About 140 Wilcox nurses went on strike June 24 after failing to win concessions from management to put more nurses on staff.

It was an ugly display of management-labor relations.

As the smoke clears, the lead negotiators say the union’s bargaining committee is supporting management’s offer. After the nurses vote on the offer, hopefully, a new kind of bargaining will be discussed.

During the strike the hospital was operating with about 40 replacement nurses, including some flown in from the Mainland.

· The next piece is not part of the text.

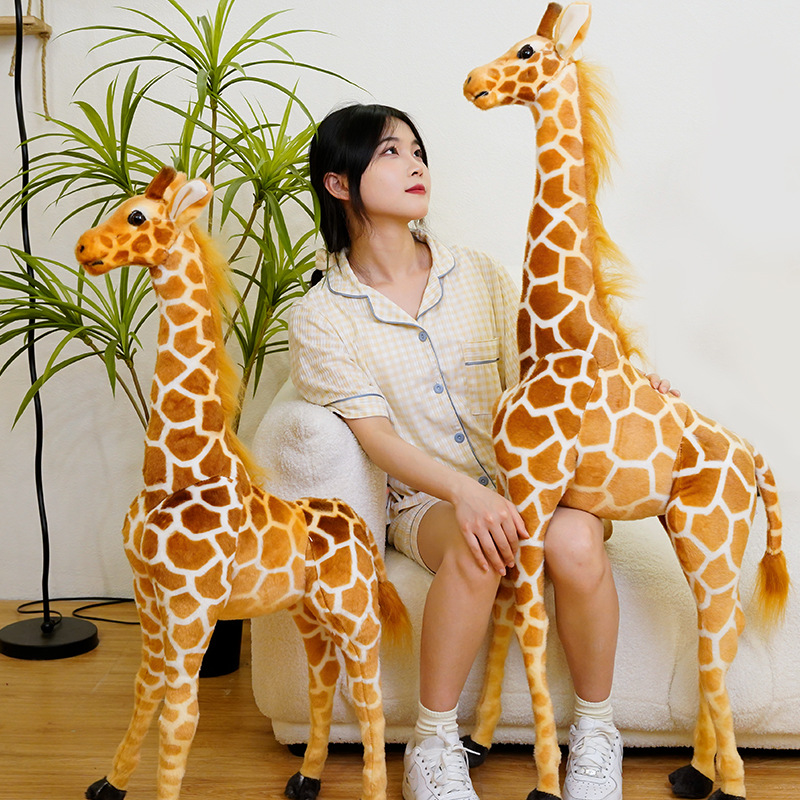 50-140cm 고품질 거대한 실제 생활 기린 플러시  - Kids Toys Quality 리뷰 및 가격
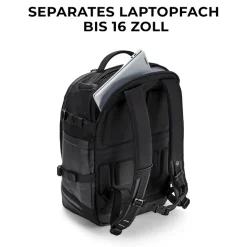 Johnny Urban Rucksack  Jack  - Schwarz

The obvious question at this point is not whether the nurses ratified the new contract and what the small print stipulated, it’s whether management and labor can now move forward.

The record shows that labor peace has not been ideal at Wilcox hospital for some time. There have been two other strikes at Wilcox in recent decades: In 1987, a nurses’ strike lasted 10 days, while a nurse’s strike in 1975 dragged on for six weeks.

It’s obvious that there is a problem that needs to be addressed: a need for increased union-management cooperation.

Equally obvious is that labor relations practices at Wilcox have been adversarial over the years, whether it’s organizing, bargaining over wages, adequate staffing, or disputing contract interpretations.

A new school of thought on bargaining believes there is a new era of union-management cooperation on the horizon. It’s called interest-based bargaining. It is highlighted by community-based labor-management committees, employee involvement programs, gain sharing, and work and organization redesign.

Someone with the authority should at least consider the possibility for Wilcox hospital. If they don’t, in another four or five years the residents of Kauai will in all probability experience another labor strike.

There is strong and convincing evidence that the supply of labor and union power has been altered by several waves of immigration. And while the Railway Labor Act, Norris-LaGuardia Act and Wagner Act gave the unions the ability to organize, the Taft-Hartley Act and LandrumGriffin Act gave the employer additional powers, leaving the unions with much less power to negotiate. Nowadays, an adversarial relationship is expected by most management and union leaders.

In today’s labor market there is less of a need for lower-skilled union members. We have just witnessed how a global labor market can directly affect the survival of some employees and their jobs. Those who have survived and prospered have changed their approaches to each other considerably.

Make no mistake, there is a lot of room for union-management understanding to flourish. There can’t be many people who expect the hard feelings between management and labor to disappear after walking on a picket line for four months. Management must realize that unionization is a degree of control, because the employer can no longer unilaterally decide wages, hours and terms and conditions of employment.

Since neither side can change the law, it is in the best interest of both sides to work on some kind of union-management cooperation and lessen the adversarial relationship in their bargaining strategy that has made joint problem solving so difficult at Wilcox.